Charles de La Marche, mal à l’aise, pâle, baissait la tête, comme chaque fois
qu’il était question de cette misérable affaire. « Marguerite est
morte ; Louis est mort, se disait-il ; mais ma femme Blanche est
toujours vivante et moi je continue de porter au front mon déshonneur. »
    À ce moment, le comte de Clermont,
auquel personne n’accordait plus attention, donna des signes d’agitation :
    — Je vous défie, messires, je
vous défie tous ! cria-t-il soudain.
    — Plus tard, mon père, plus
tard, nous irons en tournoi, dit Louis de Bourbon d’une voix qui se voulait
tranquille et naturelle.
    Et en même temps il invitait du
geste les deux gigantesques écuyers à se tenir prêts, pour le cas où il
faudrait ceinturer le dément.
    Robert d’Artois contemplait,
enchanté de soi, le tumulte qu’il avait provoqué.

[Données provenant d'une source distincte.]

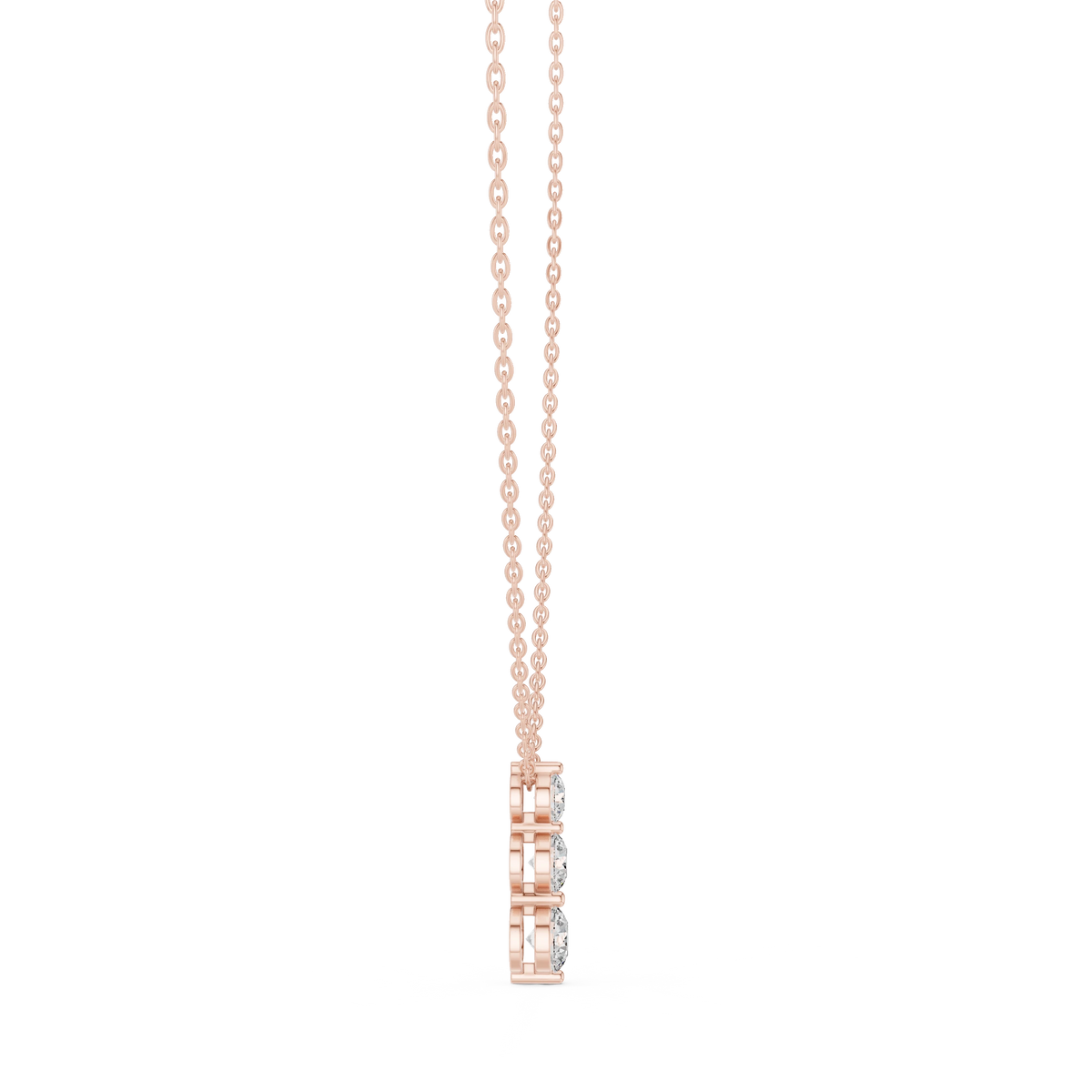 Graduated Three Stone Round Moissanite Drop Pendant in rose 925 sterling silver, view 3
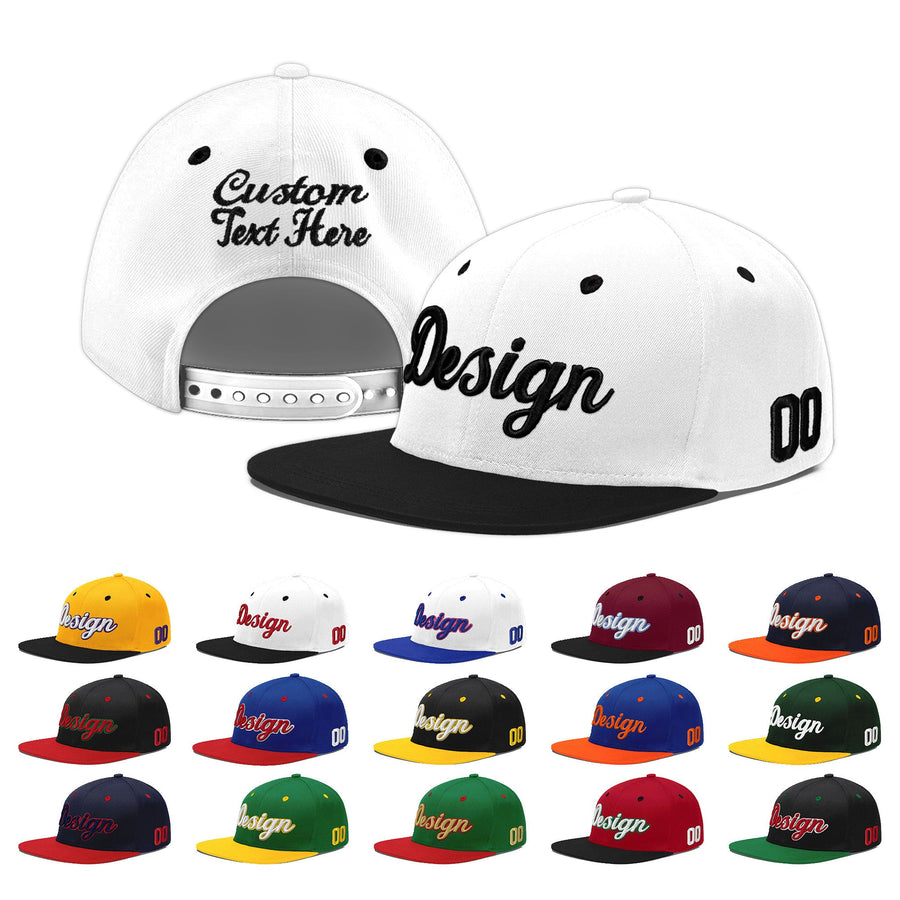 Custom White Black 3D Puff Embroidery Flat Embroidery Casual Sport Baseball Cap | BuyFootballJersey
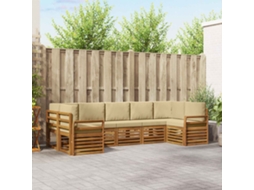 Vidaxl Conjunto De Sofás Para Exterior 7 Unid. Natural E Bege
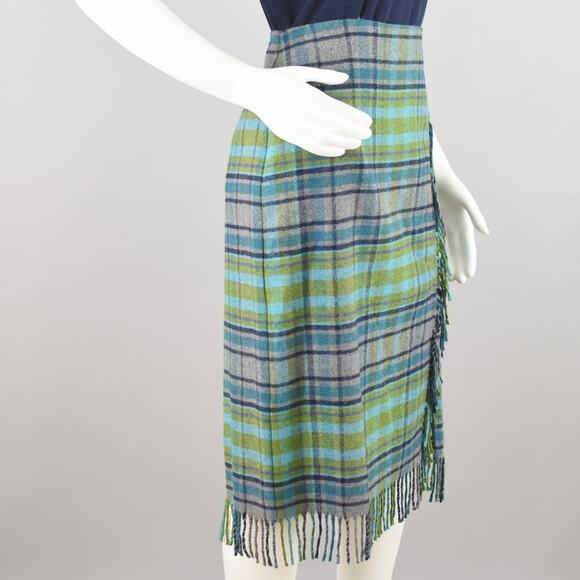 J. Jill Plaid Wrap Blanket Skirt with Fringe, NWT Women's Size 12 - Picture 3 of 10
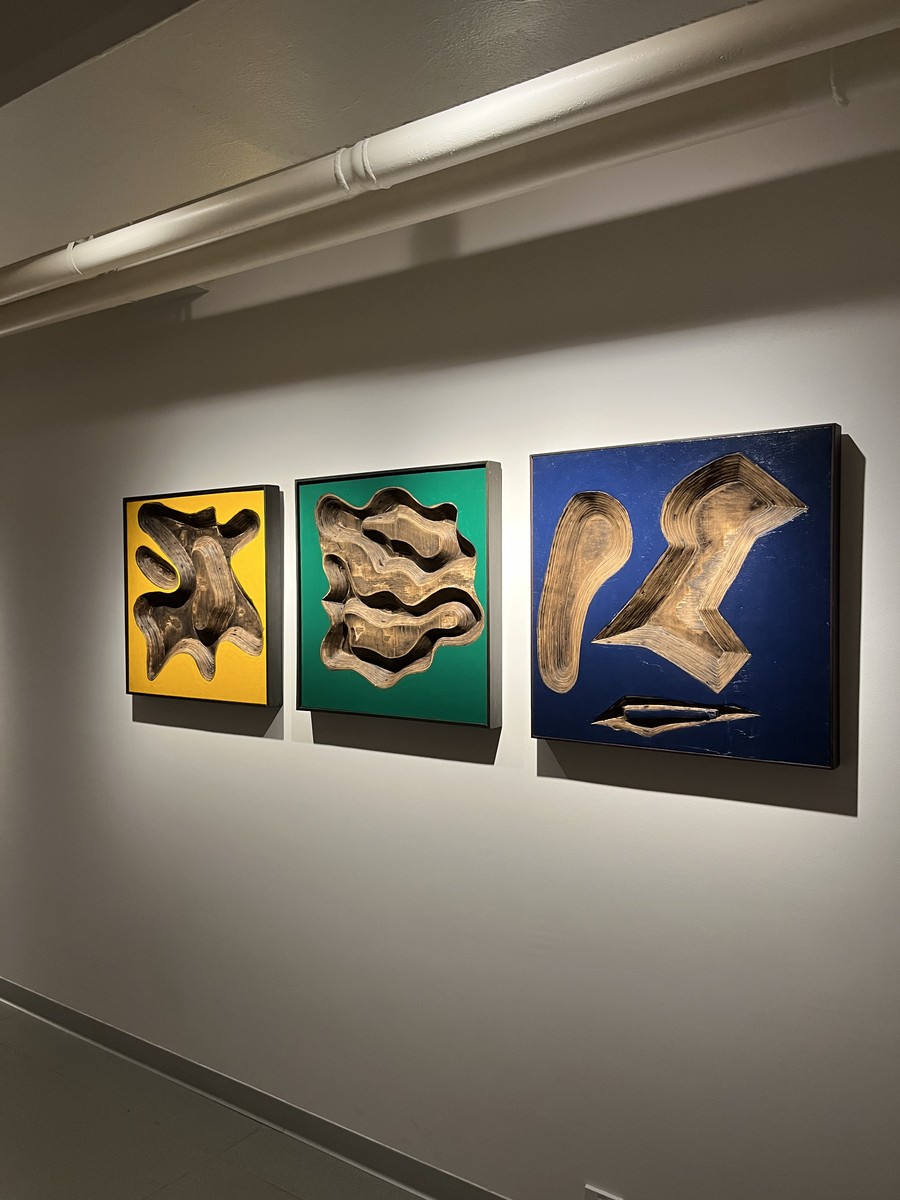 Abstract paintings in a gallery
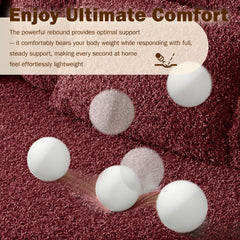 Modern Floor Sofa with 2 Pillows,Convertible Teddy Fabric Foam-Filled Sleeper Sofa Bed,15" Full Size Folding Mattress for Living Room,Guest Bed,no assembly required,Burgundy(Same series:W1885P2722)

    Le duc de Bourgogne lançait à
Charles de Valois :
    — Certes je souhaite que Dieu
pardonne à Marguerite ses péchés, si elle en a commis ; mais je souhaite
moins qu’il pardonne à ses assassins !
    — Ce sont mensonges que vous
avez écoutés, Eudes, répliquait Valois, et vous savez bien que votre sœur n’est
morte de rien d’autre que de honte et de remords en sa prison.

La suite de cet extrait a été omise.